Don’t let the mood in the room throw you off your game
As a general rule of thumb, any potential investor will make you question your business model and leave you feeling like it’s the worst pitch they ever heard. That’s actually a good thing! If you don’t get beaten up, it’s probably more to do with your pitch rather than the business itself.
When you are in front of potential investors, it is your opportunity to alleviate all the concerns they have. You have the ability to answer questions just like they have the freedom to ask you questions. Don’t be afraid to challenge them either.
A more subtle approach to soliciting feedback without appearing confrontational is to ask open-ended questions to see what information you can gather like:
You’ve identified “such-and-such” as a potential problem for us. If you were in our shoes, what would be some of the steps you would take to addressing it?
Are there companies in our industry that you are eyeing? What is it about them that makes them stand out?
If you notice a pattern – i.e. your customer acquisition cost is too high – you need to bring that up proactively to build trust and not appear like you are trying to hide something. By being prepared and transparent, your chances of securing a second meeting greatly improve.

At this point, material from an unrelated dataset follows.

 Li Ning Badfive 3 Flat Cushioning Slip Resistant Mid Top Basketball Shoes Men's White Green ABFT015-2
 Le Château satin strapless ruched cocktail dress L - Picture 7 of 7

Make sure you are in front of the right audience
We operate in the real estate technology space, so it was important that we selected the right venture capitalists to pitch. The last thing you want to have to do is sell your startup and industry, so it’s best to target those firms who have a familiarity with your industry.
The more familiar VCs are with the space in which you operate, the easier time they will have understanding your business model, allowing you to spend more time on explaining what you do, how you do it and how you stand out, rather than on what you do, where you do it, and who you compete against.

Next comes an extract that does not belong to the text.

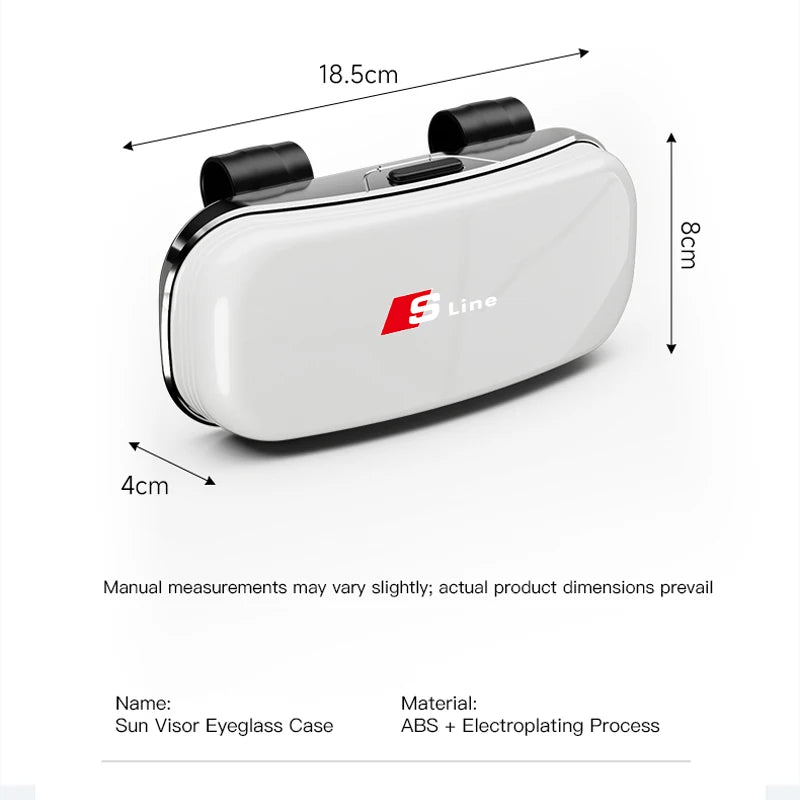Car Emblem Sun Visor Glasses Case Sunglasses Storage Gift Box For Audi Sline A3 A4 A5 A6 A7 A1 A2 A8 Q1 Q2 Q3 Q4 Q5 Q6 Q7 Q8 TT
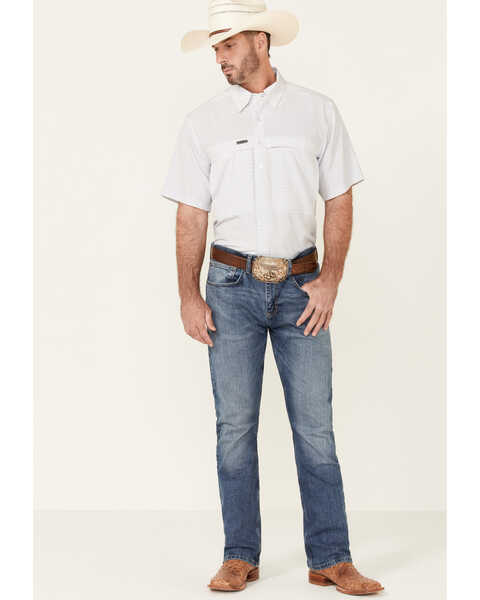 Panhandle Men's Performance Geo Print Short Sleeve Button Down Western Shirt , White, hi-res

Taking time to understand the backgrounds of the firms you are targeting may take some time, but it is worth it in the end, especially when you secure actual funding.
Data is your best friend
Data is essential to leading you down the right path. If you’ve sent out 20 or so emails to venture capital firms and don’t get a response, you probably have to adjust your approach. It may be as simple as changing the subject line in your email header or more complex like rethinking the buzz words that you have used in the past to define your company.
It’s similar to advertising on social media. If your intended audience wasn’t interacting with your ad, you wouldn’t continue running it for another week or so. You’d likely insert new messaging or reorganize the text to increase your engagement rate. This is the same mentality you need to take when initially reaching out to investors.
Prevu is proof that the time you put in will pay off eventually if you stick with it and adapt as necessary. We sent out plenty of emails that weren’t returned or were ignored. Data from A/B testing helped us reorganize our approach and dramatically increase our percentage of responses. If you keep with it even if you don’t notice immediate dividends, your perseverance will pay off in the long run.